The U.S. Constitution guarantees the right to hold property and to make contracts using that property. The Fifth Amendment makes plain that “no person shall be deprived of life, liberty, or property without due process of law; nor shall private property be taken for public use without just compensation.”
Property Rights Under Attack
Still, property rights are under assault throughout the United States. Through taxation and regulation, state and federal governments are impeding our rights to do what we please with our property, even if we are not harming other people or their property.
Towns and cities across the country, for example, have begun to designate certain neighborhoods as “historic districts,” usually without the consent of homeowners in those neighborhoods. This designation is accompanied by hundreds of restrictions regarding what homeowners can do with their property, such as whether they can repaint their homes, put up aluminum siding, replace a roof, cut down a tree, and so forth.
This is not a trivial issue. It affects any person who owns property, whether a residence or a business. “Historic district” designations strike at the root of individual liberty and should not be dismissed lightly. Much is at stake. In fact, the Pennsylvania Supreme Court ruled a similar law unconstitutional because it took away the decision making capacity of homeowners in favor of a politically defined “public good,” thus taking private property for public use without just compensation.

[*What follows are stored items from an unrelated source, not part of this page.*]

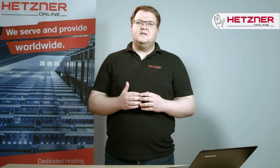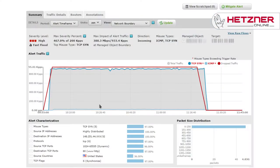That is what I as a network technician see on a daily basis. The image shows data for a single address. You can see the alert traffic, meaning the recognized DDoS attacks. We define 200,000 packets per second as the limit for normal activity; if an attack exceeds that, our technicians will monitor the situation. In this attack you can see that it reached 933,000 packets per second, which is why the attack had a high severity level.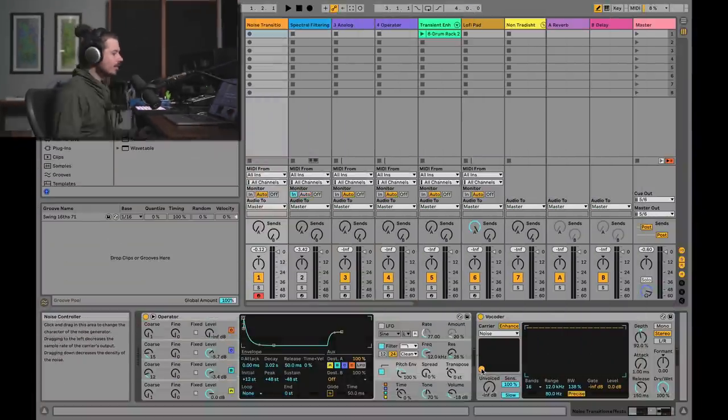In the last video we were exploring vocoder in the traditional way. This time we're going to take a look at non-traditional ways to use the vocoder — it's really super capable of a lot of stuff. Let's check it out. In this first example I have this kind of sound.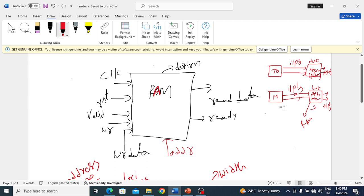We can do a write operation into the slave and a read operation from the slave. From the master we can write data and from the slave we can read data back into the master. But with respect to coding, this slave is our design under verification, and with respect to this design we have to define the port directions.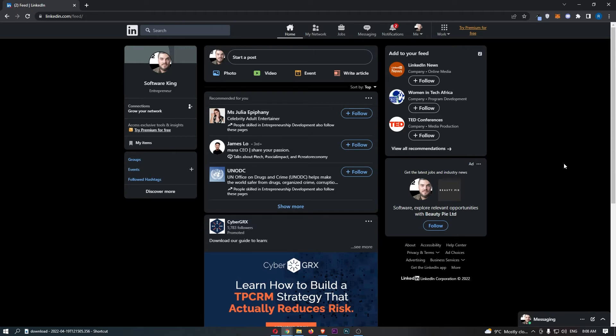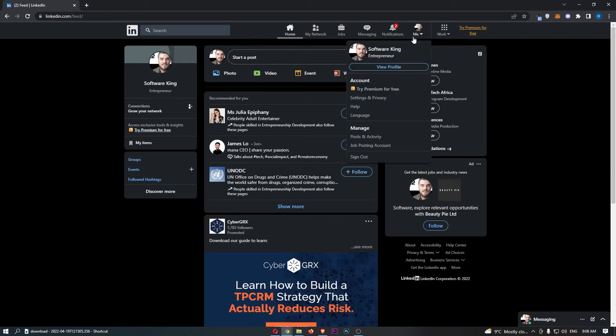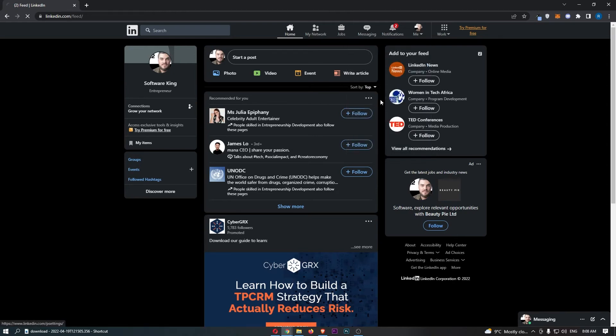all you need to do from here is click on your profile icon at the top. And then from this drop-down menu that opens up, click into settings and privacy right here.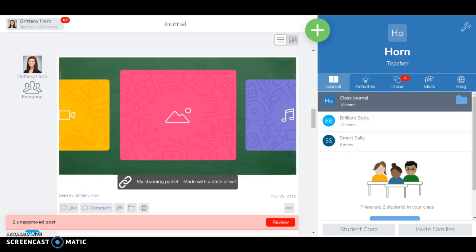Many teachers are used to utilizing Seesaw with iPads. This quick video is going to show how to utilize them with Chromebooks as well and be an introduction to Seesaw activities, which are really great for stations.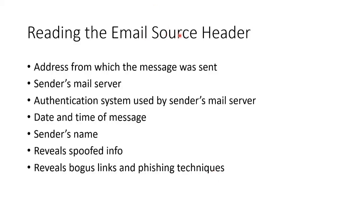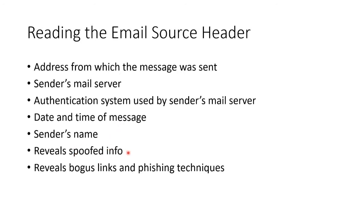The address from which a message was sent, the sender's mail server, the authentication system used by the sender's mail server, the date and time of the message, the sender's name, if there was any information that was spoofed, including bogus links and phishing techniques.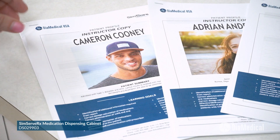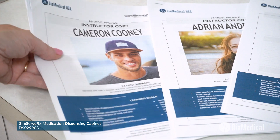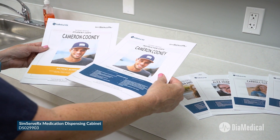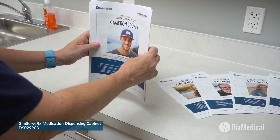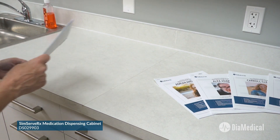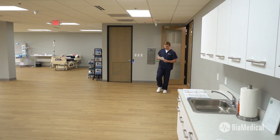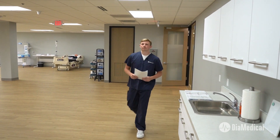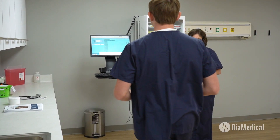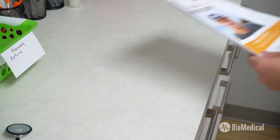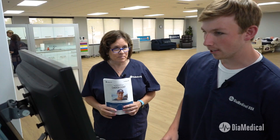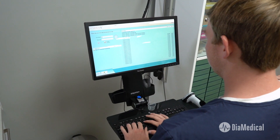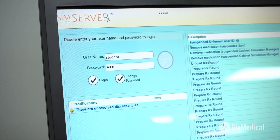Follow along as I demonstrate morning med dispensing with a student in one of our SimServeRx patient profiles. Ready to give meds to Cameron Cooney? Yep, I'm all set. Okay, go ahead and log on in and we'll pull up the MAR.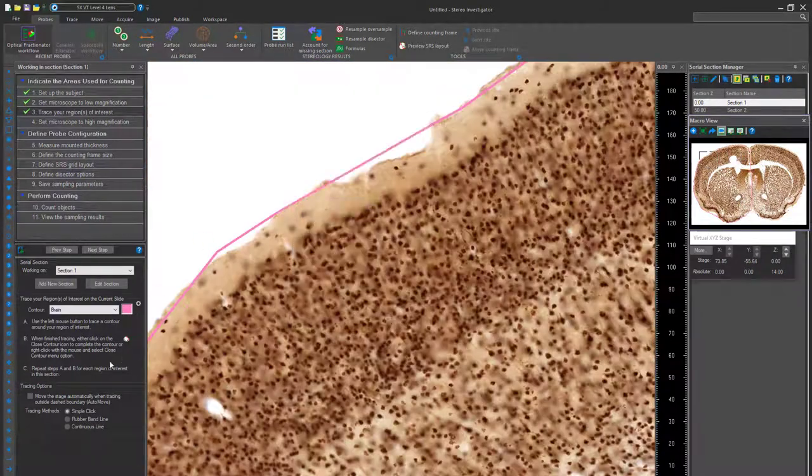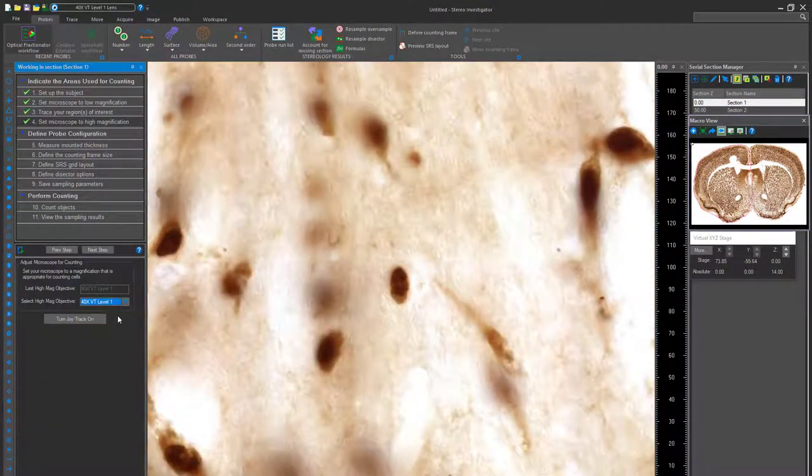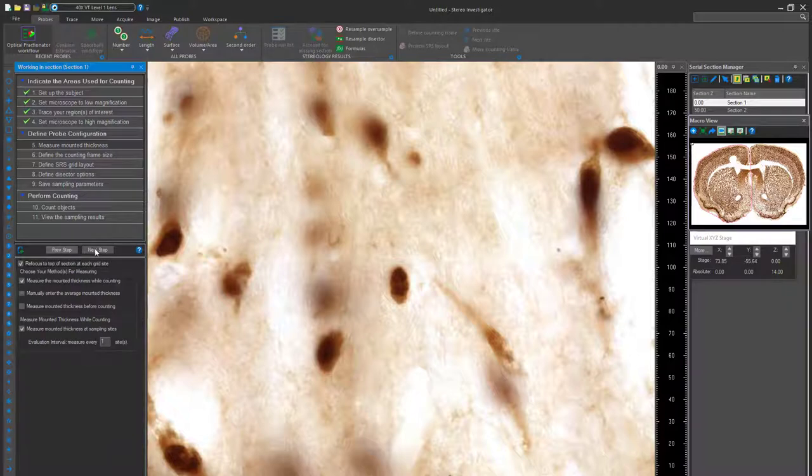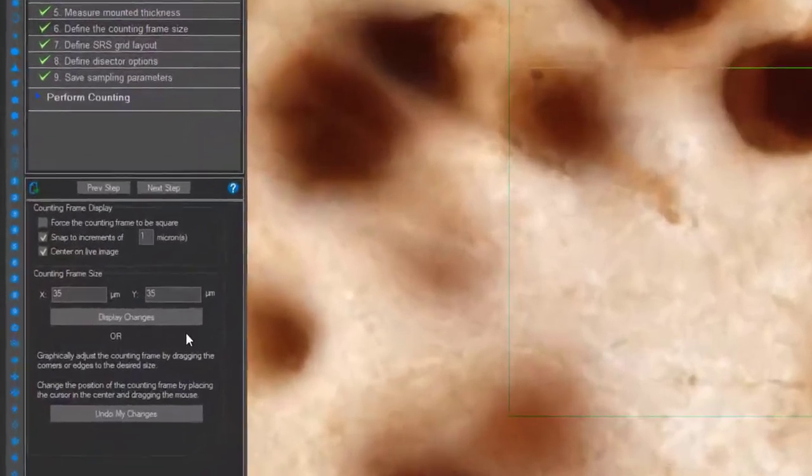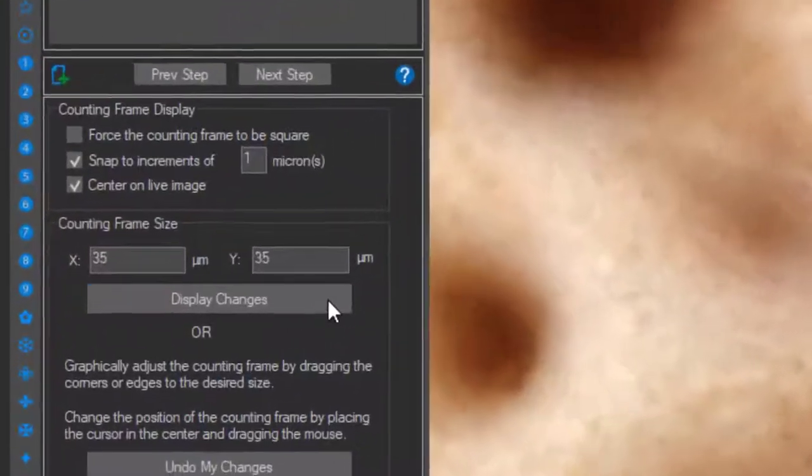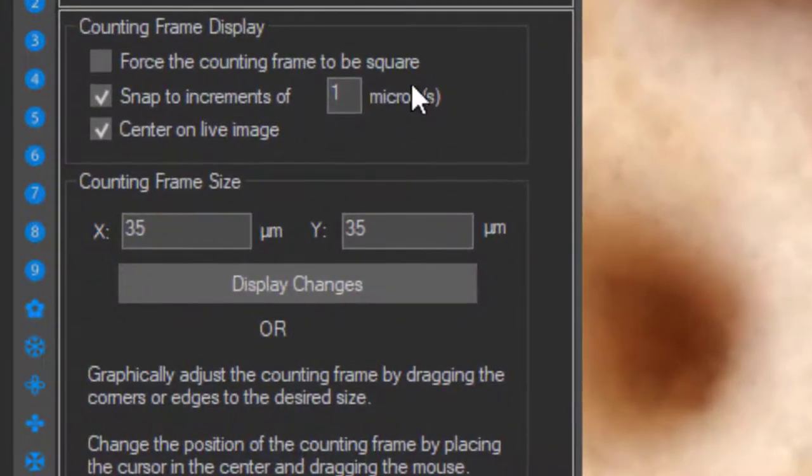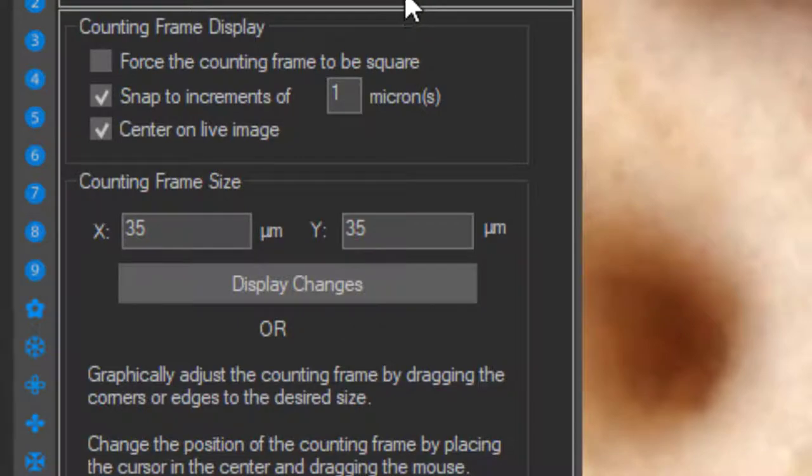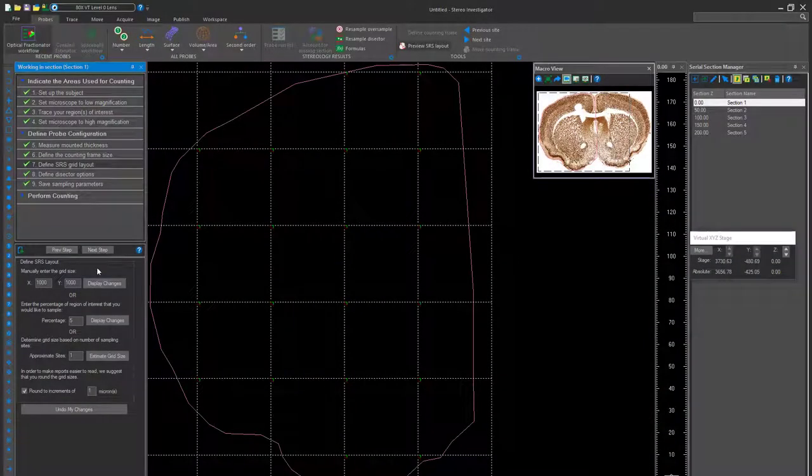Once that's completed, set your microscope to high magnification and move on to configuring the probe. Once your areas of interest are defined, it's time to set the dissector size. You may have a predetermined dissector size depending on your research. Determine the correct size for the research you are conducting and then move on to defining the grid layout.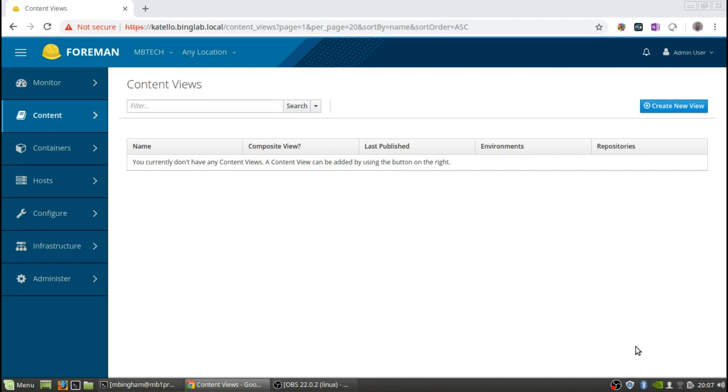Basically we are going to do it both using the command line as well as showing you in the web GUI what it looks like. We'll start off with the command line using the hammer command, and this should be a short one. Then we'll get right into a lifecycle environment for the next video, which will be part three. So let's start right into it.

Environmental regulations do much the same. Thousands of acres of farms, ranches, and residential areas have been declared “wetlands” that deserve government protection. The owners of the designated property are not permitted to plant crops, graze cattle, or build homes or factories on government-designated “wetlands” unless they can cut through miles of red tape.
Kelo’s Legacy
The Kelo decision states that it is permissible for the government to use eminent domain to seize one person's property and give it to another. The recipient is almost invariably wealthier and better connected politically than the victim of the seizure.
In the aftermath of Kelo, the good news is that the American people demanded that laws be made to reject the Court’s decision. Across the country, state legislatures have passed statutes or even constitutional amendments to protect people against eminent domain abuse. (In Virginia, the law is somewhat better than it was but still weaker than it should be.)
The bad news -- sadly ironic news -- is that the situation that started it all, Pfizer's demand that the city of New London, Connecticut, destroy a working-class neighborhood to create housing for its high-paid executives, turned out to be moot. Pfizer pulled out of the project, which was never built, and Suzette Kelo's former neighborhood is a desert, populated only by "feral cats," as one chronicler noted. New London took a vibrant cityscape and turned it into blight.
Kelo’s lesson is that nobody’s property is safe, even though property rights should be seen, properly, as one component the bundle of basic human rights that each individual possesses.
Publisher's note: This article was originally published on Examiner.com on June 23, 2010. The Examiner.com publishing platform was discontinued July 1, 2016, and its web site went dark on or about July 10, 2016. I am republishing this piece in an effort to preserve it and all my other contributions to Examiner.com since April 6, 2010. It is reposted here without most of the internal links that were in the original.